This trip last year I was baking in 30+ degree heat, to be prepared I bought a new sunhat and safety sunglasses. Perhaps I should have checked the forecast as a big low pressure system is centred over France and the UK making it feel more like a wet March than flaming June! I am writing this sitting in front of the woodburner in the kitchen, last year I was barbequing and wondering how I was going to sleep in this heat!


The laser level with its tin foil hat against the rain

One thing I did check before leaving was the industrial action in France. French workers are not happy at having their retirement age changed amongst other things and are striking and blockading fuel terminals, leading to a shortage at the pumps. Not wanting to get stranded I filled several jerry cans with diesel just in case. On my journey I had no problems with diesel but did encounter French industrial action in its bluntest form.

Driving through Rouen, (the journey to Frelon Cottage is entirely motorway except when you get to Rouen. You then have to drive though the city on a dual carriage way before rejoining the motorway so it is a bottle neck anyway), the traffic came to a sudden stop.


In the distance plumes of black smoke were rising into the air. After about one and half hours of creeping forward I turned the corner to see both sides of the road blocked with a barricade of burning tyres and people in Hi-viz vests and placards standing behind. Not a police car to be seen. Drivers had even made their own way of negotiating the road block, squeezing past across a gravel traffic island. You could feel the heat of the burning tyres through the car window it was so close! Astonishingly, the police were present, standing arms folded about 400 metres the other side. One can only assume they sympathised with the protest and were not prepared to take action!

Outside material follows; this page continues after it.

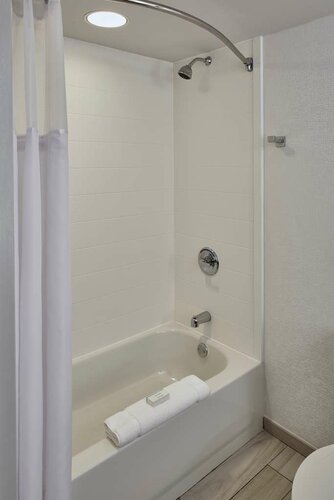 Гостиница Hilton Garden Inn Detroit Downtown в Виндзоре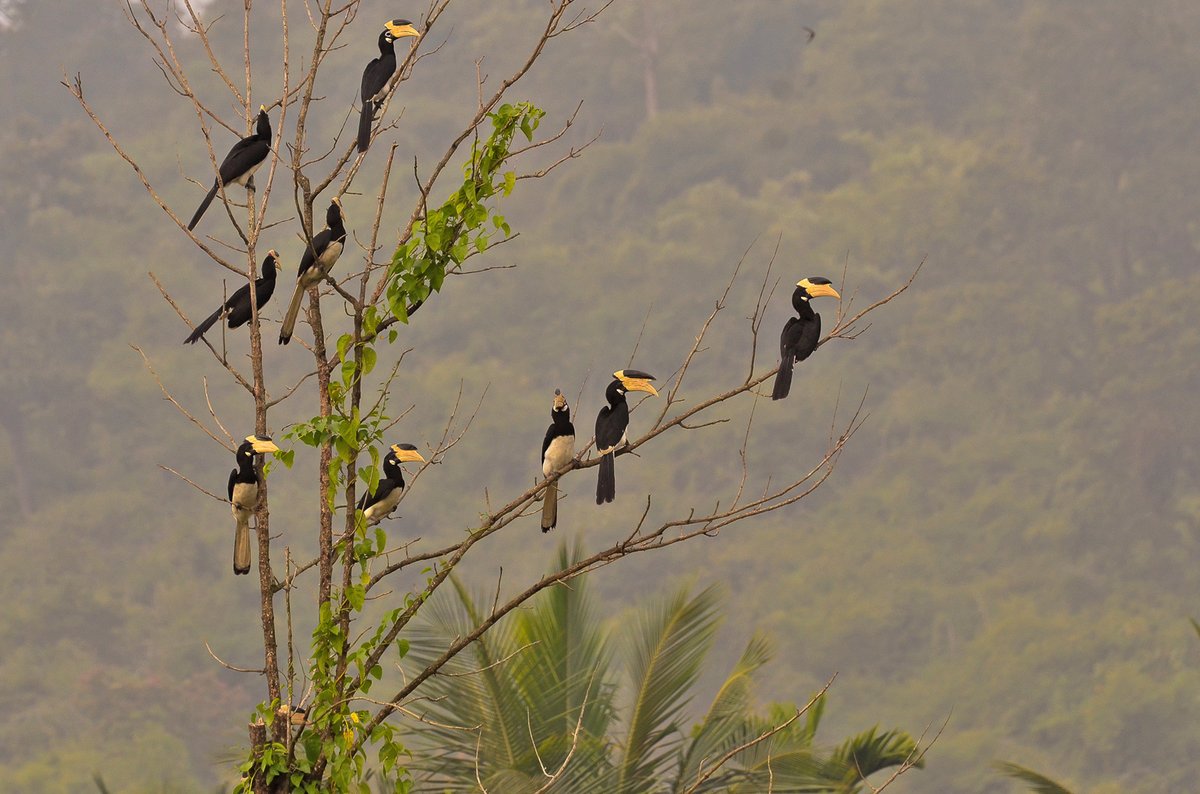 #FromTheArchives Charismatic, enigmatic, rare; call them what you may, #hornbills are some of the most captivating avians on the planet. Here is a quick rundown of the nine #hornbill species found in #India. 📷 Vijay Kumar DS - Malabar Pied Hornbills bit.ly/44PSOwn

Anyway, this trip I be will building some steps, some walls and some limestone gate piers!


Shuttering complete ready for concrete tomorrow


Wet, warmth and wifi!

Wet. The wettest ever visit to south western France. It has rained everyday, sometimes all day, sometimes heavy showers, but every day. The view down into the valley now looks like a panorama over a large lake, but no, it is the river over all the fields and the water mill on the way up to the house is now an island in the centre of a raging torrent. Given that all my work on this visit was outside, it has not been pleasant….but you do not travel six hundred miles and not do what was planned because its wet!


Le Moulin under water


My view of the lake

Warmth. For the first time on a winter visit I am warm. Two functioning wood burners and a heated towel rail make the house almost tropical in the evenings!

I am not sure which log burner I like the best. Downstairs is a brand new Franco Belge Savoy Classic 7 Kilo watt stove with a glass door. Nice to see the flames but hard to light and takes time to warm up. Upstairs, is a refurbished Jotul 602. This is a very old model but a design classic. It has a solid door but burns beautifully and pumps out the heat. Both are good and but I think the Jotul edges it! It has not been in production for 86 years for no reason!


In front of the Jotul watching iPlayer

Finally Wifi. What difference this makes. I have been quite happy in the past visiting Café des Colones for a quick use of their wifi, but to have it in the house just changes everything!…Radio, essential when on your own. Facetime, free visual contact with home and the family, email on the laptop (is this the s start of working from France?!) plus twitter and the world at your finger tips. Imagine what a difference this will make to the children….better brace myself for large bill!


Planting up the side of the barn sans ivy


At least someone’s happy its wet


Once again, my trip to Frelon Cottage, has corresponded with gales and high seas. Last year I was delayed fourteen hours due to a storm, this year ‘Imogen’ threatened to disrupt my journey. Perhaps its giving every low pressure system a name that makes them more media worthy; my trip to Dover was punctuated by predictions of doom due to this storm. The reality was, my ferry left early. Whether this was an earlier ferry that had been delayed or that there were so few people traveling once they were all there then the ferry left!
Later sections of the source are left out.